I think some of the things you need to think about is how linked is your people strategy and your customer strategy. How much time do you spend, and I know there are customer and HR people in the room but it’s exactly the same thing, it’s a people strategy. How much money do you invest in technology? I sit on our investment board, some people shuffled in on Monday, please can we £30 million to create this new system that is going to do everything, make the tea, sort out your husband, everything. I am going through these papers in a really frustrated way and I went this is lovely – boxes, wires, technology, testing and all of that stuff but what about people? Oh yes, because they know I will ask! We have thought about that. I said how much money and effort do you have allocated to people? The project manager said £1.4 million. I said sorry, so in a £30 million transformation only £1.4 million is spent on people? He thought I was going to be impressed. How much time do we spend focusing on changing technology, changing processes and not enough on investing in people to take us with us on that journey?
And actually, who are the disengaged in your business? Who are the wonky line people? Because that is subtracting from your business being successful. You know who they are and you do not need an employee engagement survey, which should be anonymous anyway, to identify them. If you are not dealing with them they are in your business, multiplying like mushrooms in the dark. If you are not dealing with them you will turn round and there will be hundreds of them.
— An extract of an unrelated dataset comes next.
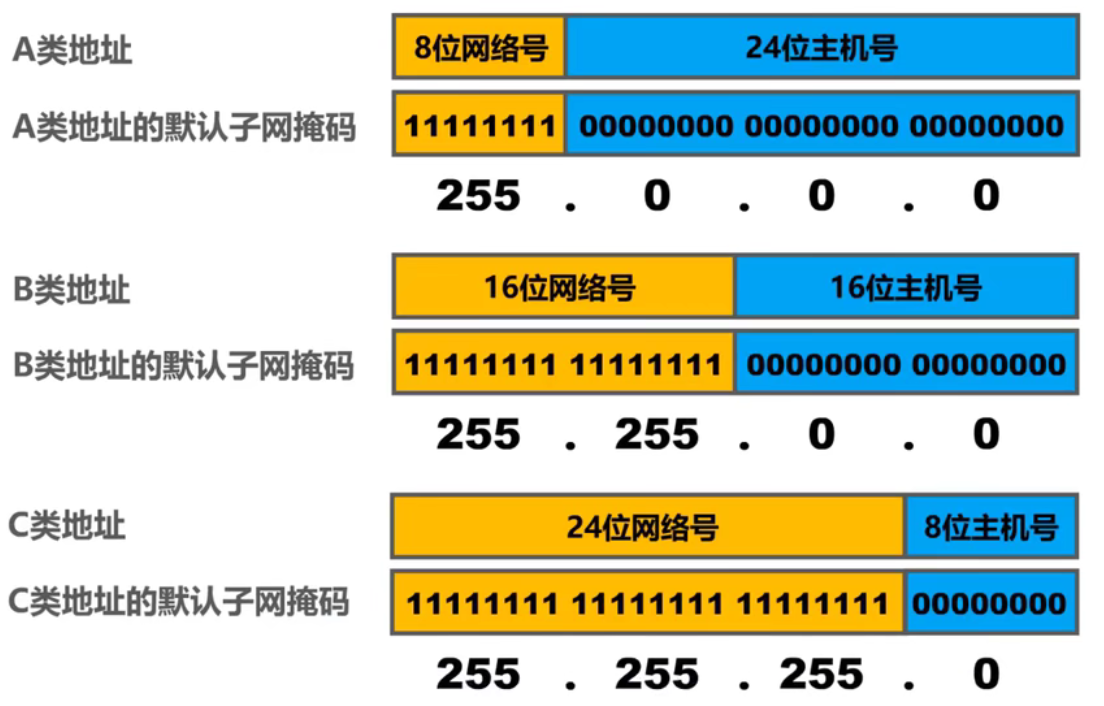 默认子网掩码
What is the balance on your bank of goodwill? Engagement is about goodwill and when you have a crisis, and we have had a lot and you will have then if you haven’t already, you need people. You need people with the right momentum, the right energy. That is when engagement shows through. What is your bank of goodwill that you have in your employee base?
For me if you want people to care about your business, to care about your customers, then you have to start first about caring for your people. That should be the first and most important cornerstone of any strategy – it has to start with people. If it doesn’t it won’t be underpinned, it won’t have any longevity and it won’t have any success.
So thank you. Hopefully that has helped. I don’t think you are going to have anyone else who stands in front of you and says poo is what we do. You should be thankful I didn’t bring you any poo pictures, we have lots of those.
My question for all of you, is if I asked you now how strong is your employee voice and what were the levels of integrity like in your business in terms of the words and the music, is there a difference?
About the speaker: Louise Beardmore
Louise was speaking at the 2017 Happy Workplaces Conference held on 14th June 2017 at etc.venues Norton Folgate in London.
Working for the United Utilities Group as Customer Services Director, Louise has held a number of senior positions at North West Water, Norweb Plc, Vertex and United Utilities, leading business in Operations, Customer Services and HR both here in the UK and internationally for a number of utility and retail brands. Prior to her current role, Louise was Head of Business Transformation for United Utilities, managing all aspects of transformation across the Group driving people, process and technology changes to improve service and drive efficiency. Louise is a huge advocate of the power of employee engagement to drive improved customer service and is a Non-Executive Director of Engage for Success as well as a Vice President of the Institute of Customer Service.